Historically Austinites have been inclined to support bonds for these types of matters. It’s approving money for housing that has proved trickier.
While Keep Austin Affordable, a group run by former Casar aide John Lawler, has raised a ton of money from real estate groups to in support of the housing bond (Prop A), it’s another group, Austin Together, that is running a parallel campaign for Props A-G. Austin Together is run by Brandi Burton, a former Adler aide.
It hasn’t gotten nearly as much money as KAA, but going into the last week of the campaign it had raised about $188,000, most of which it dumped into TV commercials ($117k) and digital advertising.

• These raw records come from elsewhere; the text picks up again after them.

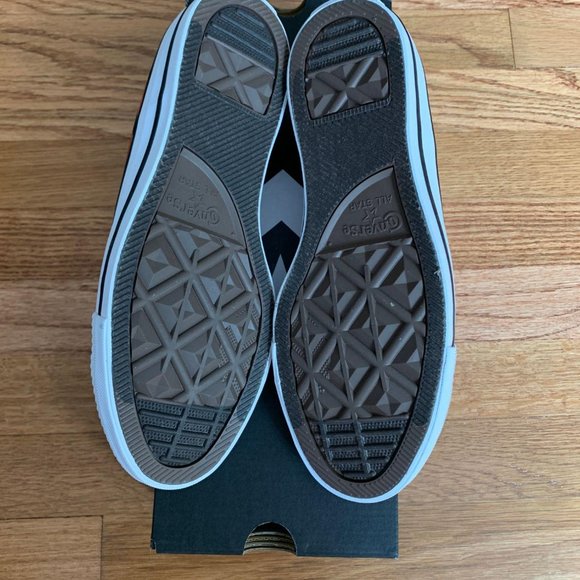 Converse Chuck Taylor All Star Ox Womens Shoes - Picture 7 of 7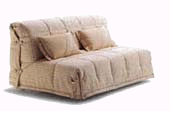 Sofa bed movment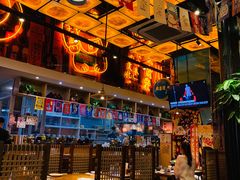 大堂-有喜屋·深夜食堂(环宇荟店)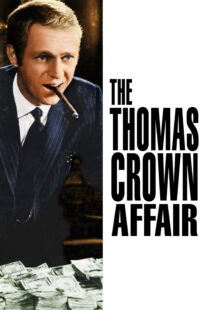دانلود فیلم The Thomas Crown Affair 1968324432-1301939793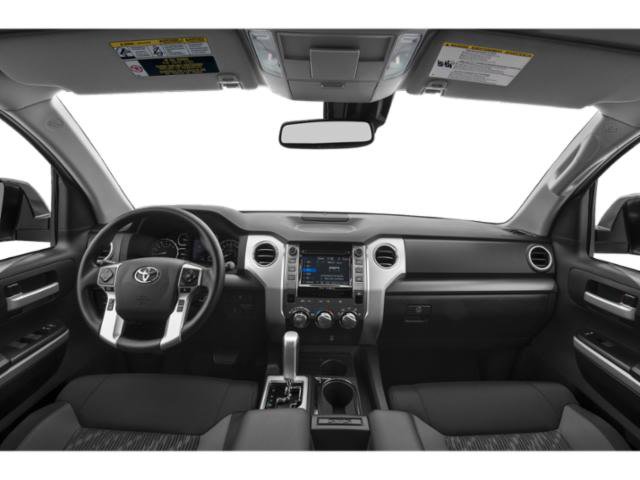Thumbnail: 2019 Toyota Tundra - 7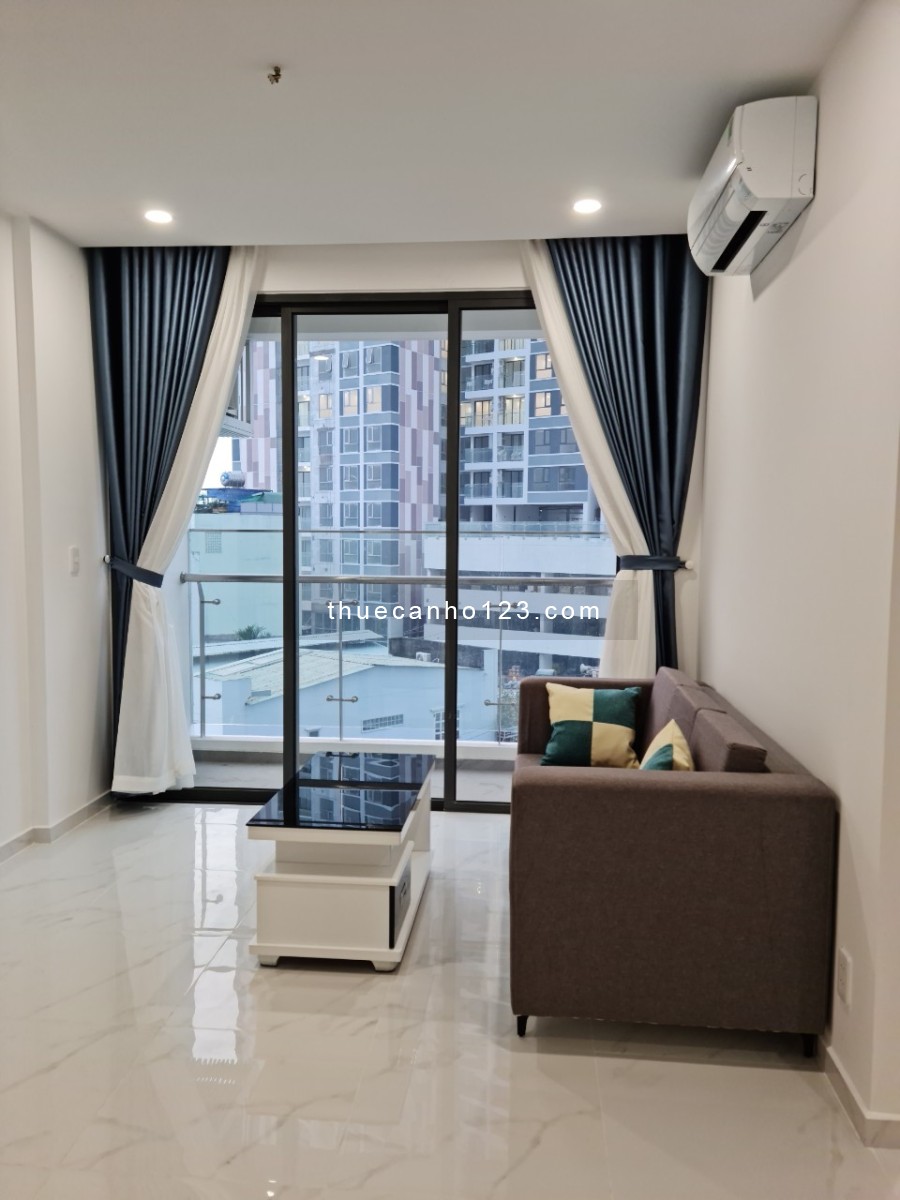 2PN-D'lusso giá tốt cho thuê-75m2-13tr/tháng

The biggest donor was the Austin Board of Realtors, which provided $15,000, the same amount they gave to KAA.
The big funders included a number of companies: Stratus Properties ($10k), Catellus Development ($10k), Upland Software ($10k), Brandywine Realty ($7.5k), HDR Inc ($5k),Lockwood, Andrew & Newman ($5k), SXSW ($5k), Ascension ($2.5), One Gas Inc ($2k), Texas Disposal Systems ($1k), and the Driftwood Historical Conservancy ($1k).
The group also got some decent scratch from some rich individuals. At the top was $10k from Perry Lorenz, a local real estate guy and philanthropist. Keller Williams’ founder Gary Keller gave $2k. MLS mogul Anthony Precourt contributed $1.5k, another clear instance of him buying some goodwill from the liberal local elected officials he’ll want on his side as he faces a petition drive targeting his recently-approved soccer stadium at McKalla Place.
Correction: Earlier I wrote that Austin Together was focused on Props B-G. In fact, it is campaigning for Prop A as well.